→ WHAT IS NEEDED: Please retype the entries below exactly, only from their first line through the line containing "Bottom level of", leaving every picture out.

→ RECORDS TO USE:
------------------------------------------------

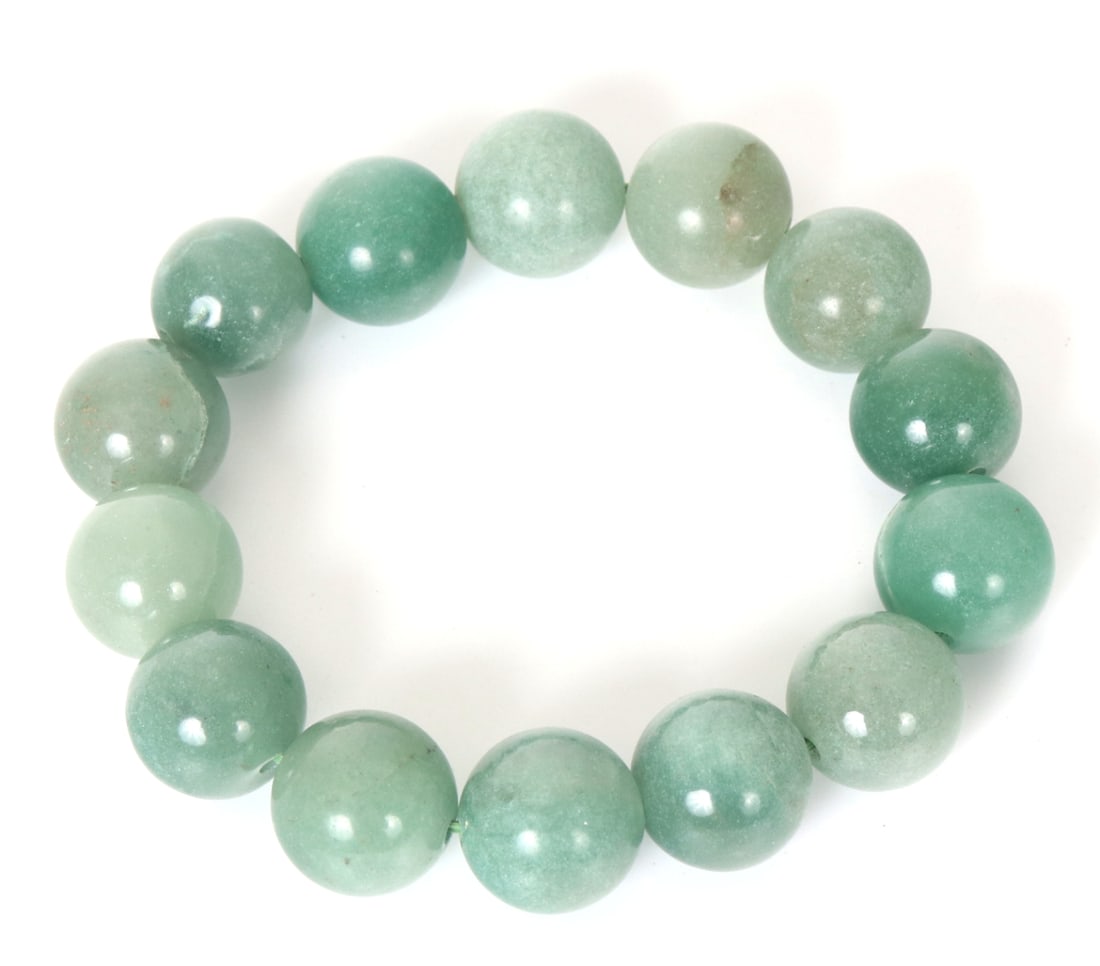 Chunky Chinese Green Jade Style Beaded Bracelet: Fourteen lovely light green jade or jade style beaded bracelet. Light green to slightly darker colors throughout with natural inclusions. Size elastic band measures 3" W inner diameter when at rest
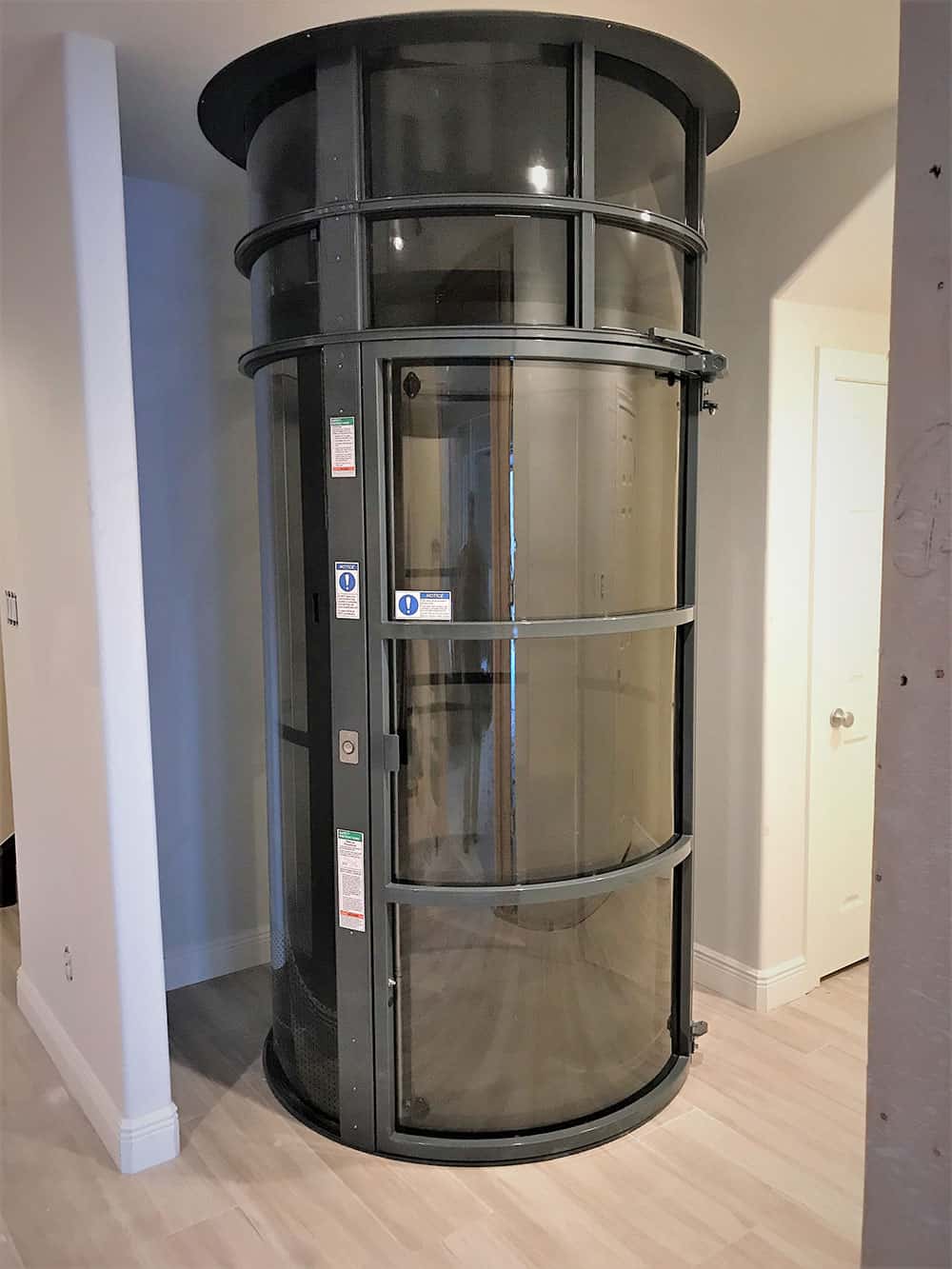 Bottom level of a pve52 wheelchair elevator installed in a houston area home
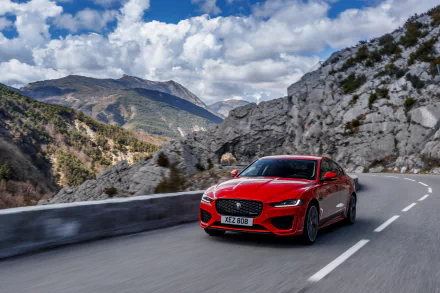 A red Jaguar XE car driving on a mountain road under a partly cloudy sky, showcased as a 4K Ultra HD PC desktop wallpaper and background.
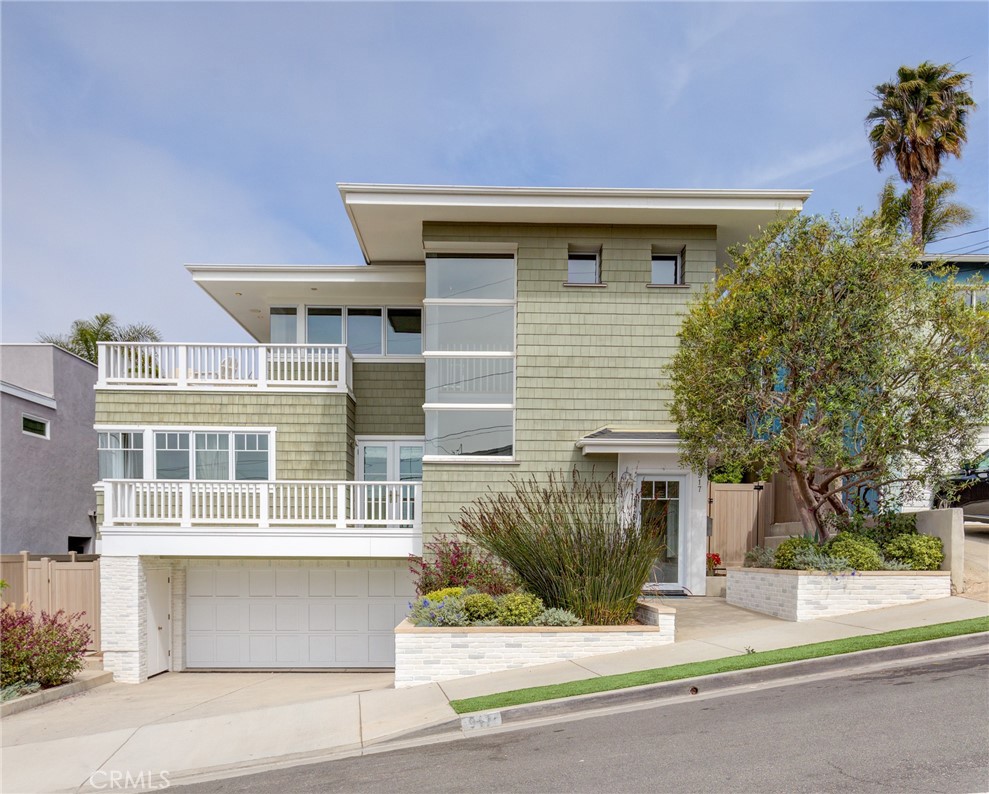 Welcome to this fresh, modernized Cape featuring four bedrooms and four baths plus rooftop deck, designed in 2007 by Michael Lee. Four bedrooms and four baths are offered in 3329 square feet on a 4502 square foot lot, boasting hardwood floors throughout, custom architectural detail and loads of natural light. The home has many additional amenities, including a Tesla charger and a whole house water purification system. The first floor includes a laundry room with sink and large storage closet. The second floor’s private living quarters embrace form and function, with four spacious bedrooms including a lovely primary suite with fireplace and private patio, three full baths, a wet bar with mini fridge, generous bedrooms, and a bonus room. The top floor is vast and inviting with beamed ceilings, tons of windows and polished hardwood floors. A gorgeous Chef’s kitchen includes marble countertops, paneled and stainless appliances, two sinks, statement pendants, and a handy wine fridge. An adjacent sunny living room opens onto the wide top deck, where dining al fresco or relaxing in the sun is almost required! The dining area is cozy with corner windows and is situated to take advantage of the fireplace, serving both the eating area and tucked-away family room. Here, you can gather with friends and family to watch the big game, or step outside and up to the rooftop deck, which has both an inviting fireplace and custom pizza oven. Entertaining guests has never been easier - escape to the roof to relax, recharge, and enjoy your beautiful Hermosa Beach home.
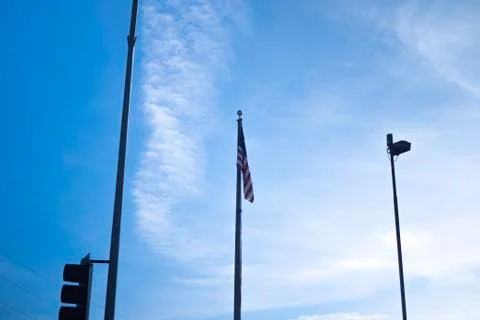 US Flag in the Blue sky Stock Photos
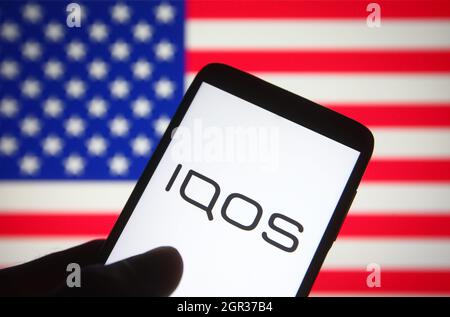 Ucraina. 30 settembre 2021. In questa illustrazione della foto viene visualizzato il logo IQOS sullo schermo di uno smartphone con la bandiera USA sullo sfondo. Credit: SOPA Images Limited/Alamy Live News Foto Stock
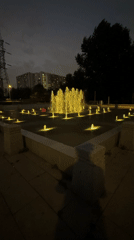 Color-lit fountain display in a Moscow public square at night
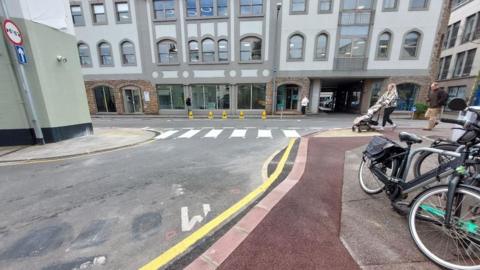 A mock-up of a zebra crossing at the end of a town centre junction. It is surrounded by quite high buildings, and there are pedestrians and bicycles nearby. 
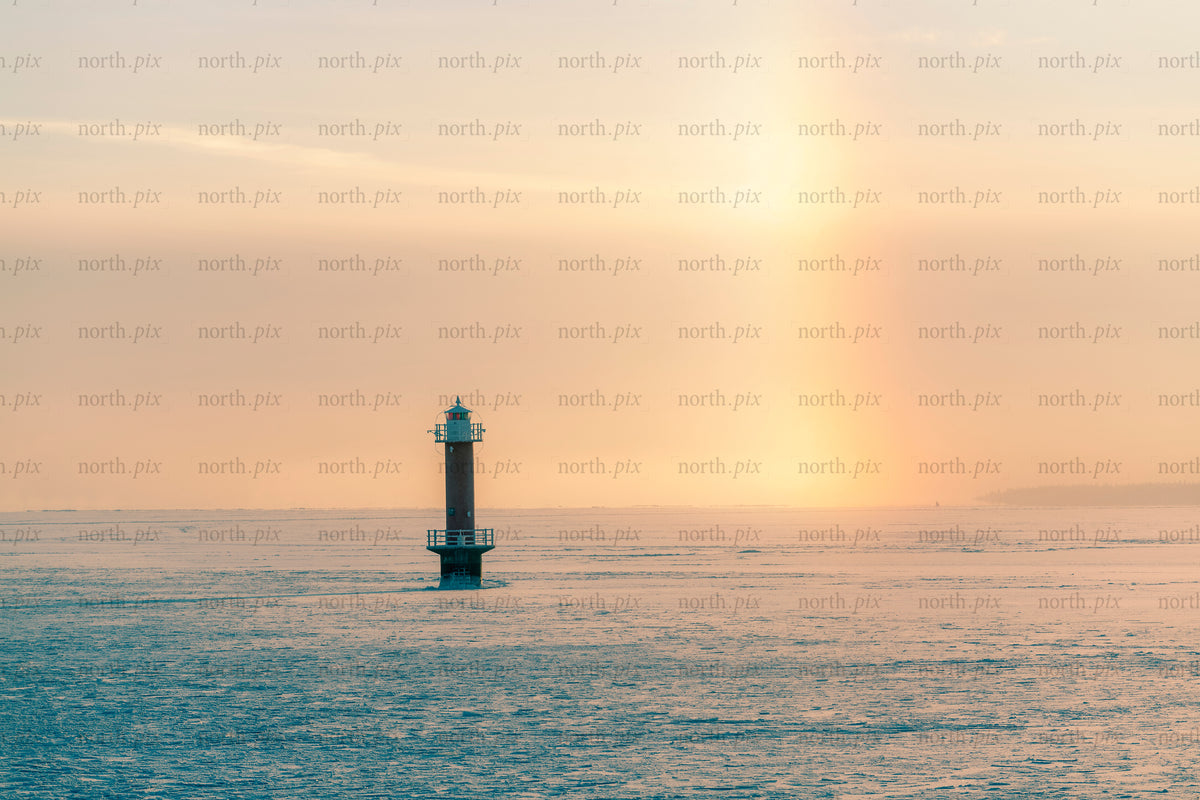 Lighthouse on frozen sea at sunrise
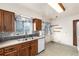 Cozy kitchen with wood cabinets, stainless sink, and classic patterned wallpaper at 5582 E Colorado Ave, Denver, CO 80222
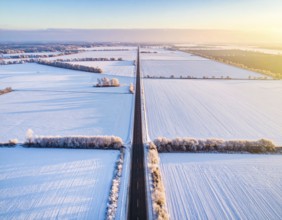 Bird Eye Perspective of Frost Covered Farmland. Seasonal Agricultural Scenery, winter and autumn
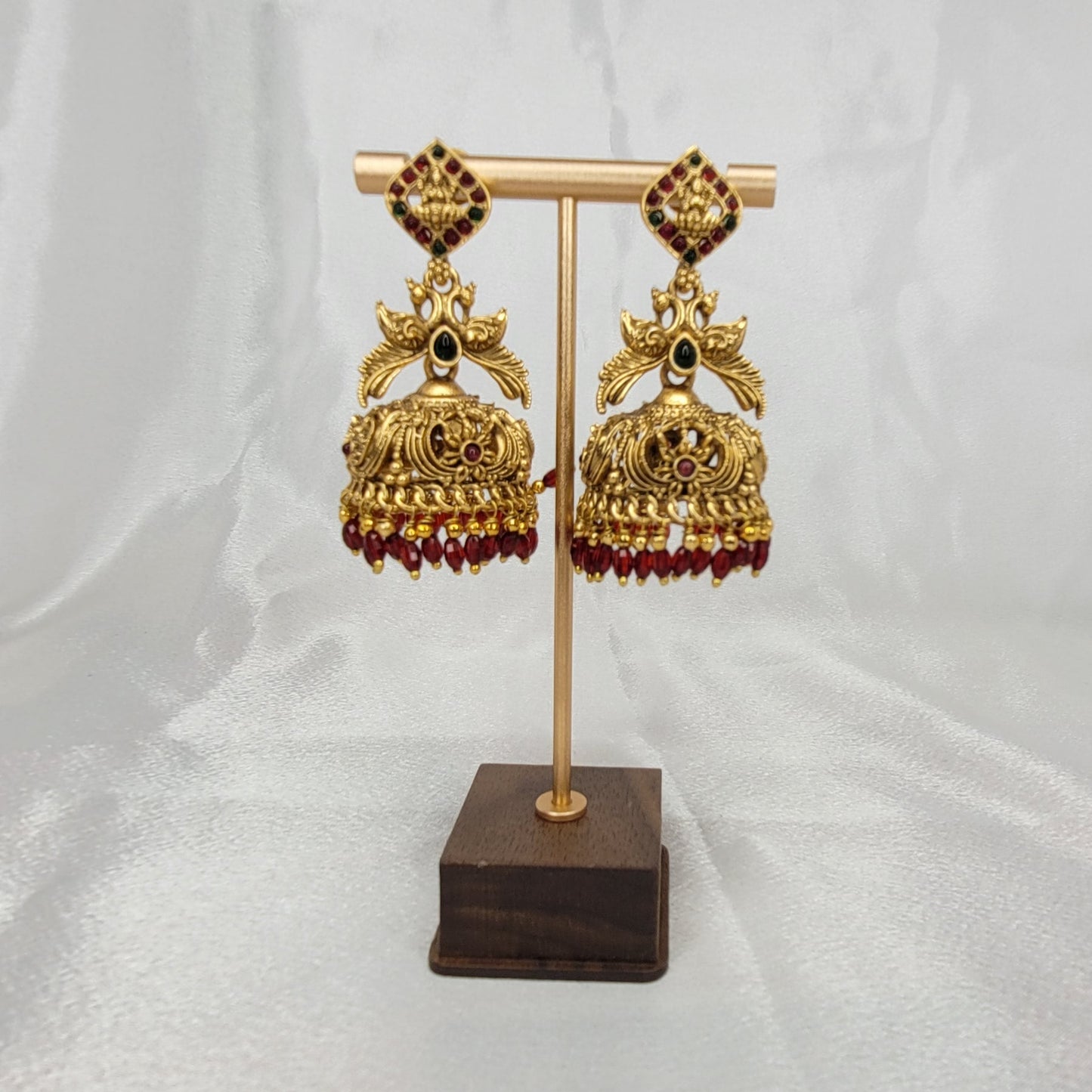 Antique Gold Jhumka Earrings with Red Bead Drops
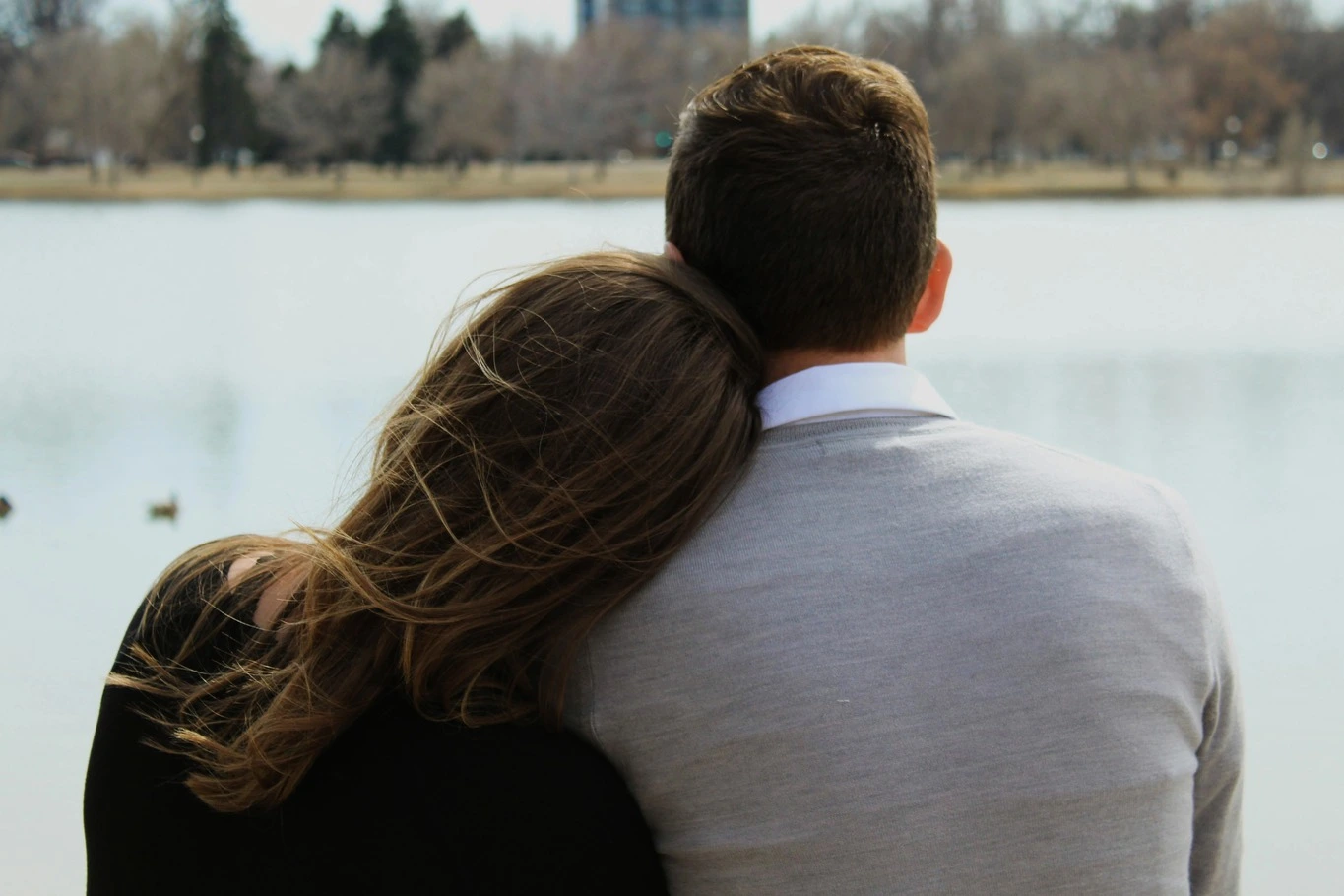 Couple sitting beside a lake with one person resting their head on the other's shoulder.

------------------------------------------------

→ WRITTEN REPLY:
 Chunky Chinese Green Jade Style Beaded Bracelet: Fourteen lovely light green jade or jade style beaded bracelet. Light green to slightly darker colors throughout with natural inclusions. Size elastic band measures 3" W inner diameter when at rest
 Bottom level of a pve52 wheelchair elevator installed in a houston area home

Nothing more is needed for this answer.